Yes you can indeed make all the listed errors with a GPS but it's even easier to do them with the old methods. This is the great fallacy underpinning the anti GPS position; they chuck out the baby with the bathwater.
Let's say you have a carefully prepared plan, wind corrected and all that, through CAS. You ask for clearance 10 miles out or whatever, get refused and now you have to dogleg around it, using compass, stopwatch, together with trying to identify some villages down below. All the way round you will be in need of fresh underpants because you know what that one little mistake will cost you.....
I am talking about doing this in unfamiliar territory, not in one's back yard which is where most anti-GPS pilots stick to (understandably).
There is no way round this. I am sure INS has severely degraded the ability of your British Airways ATP to use a sextant.

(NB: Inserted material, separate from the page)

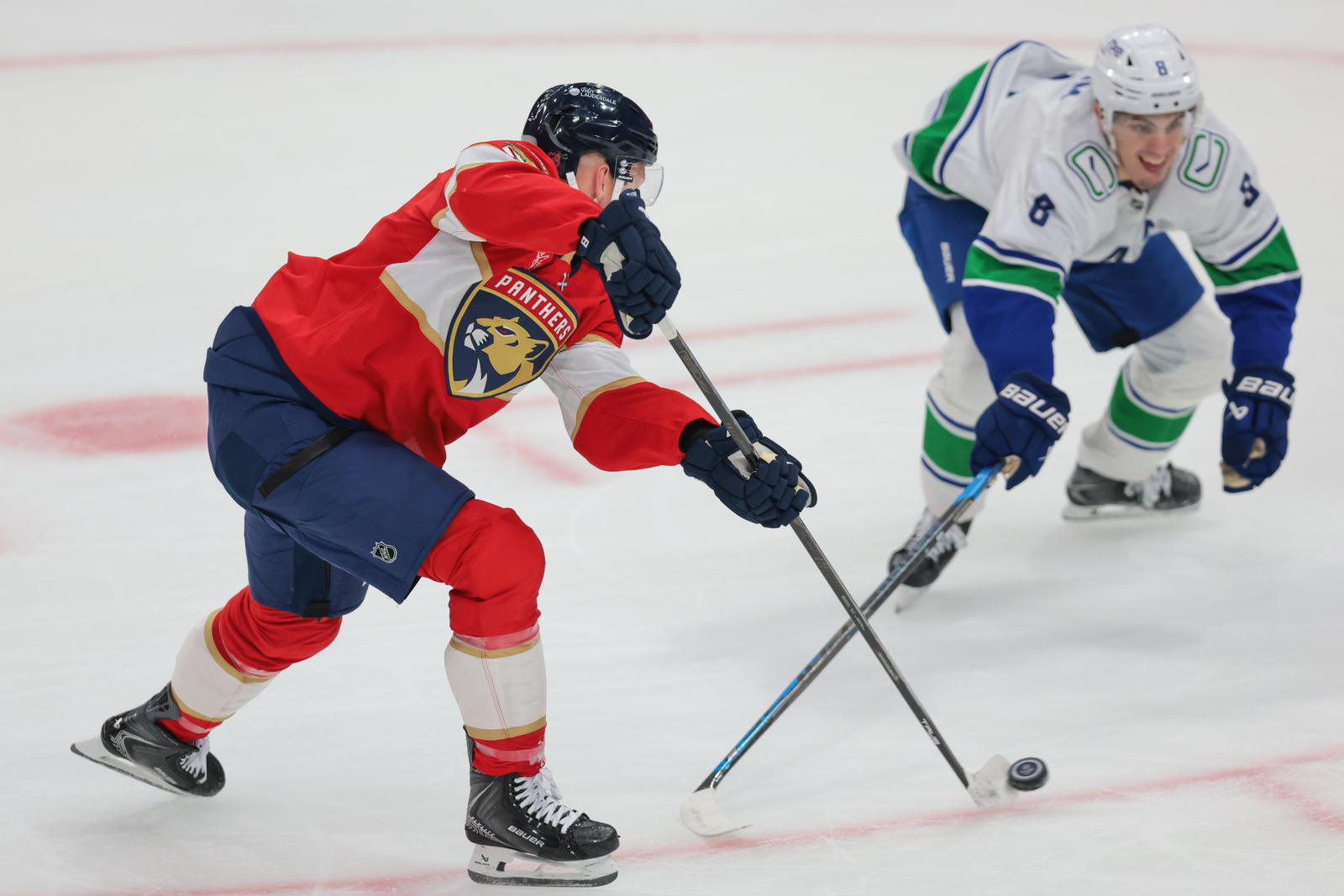 Brady Tkachuk scores twice in regulation and wins in overtime as Canucks fall 3–2 to Panthers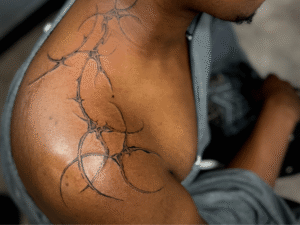 Tattoo black and brown Skin Outliers Ink Tattoo Studio Birmingham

As for direct coordinate entry, that is almost never done in GA, if the pilot knows anything about flight planning. In 5 years I have had to do it twice; once to enter an airfield in Spain (which got put into the Jepp data the following year), and the other to enter some gliding site in Kent which a passenger wanted to take pictures of. If airline ops need nav to ever varying waypoints (to get the best winds) they have to pay the price for that, and check their numbers twice

There is nothing particularly "airline pilot" about checking coordinates; single pilot IFR pilots are supposed to do it for every waypoint, as are airline pilots; that's why the lat/long is printed next to every waypoint on the IFR charts.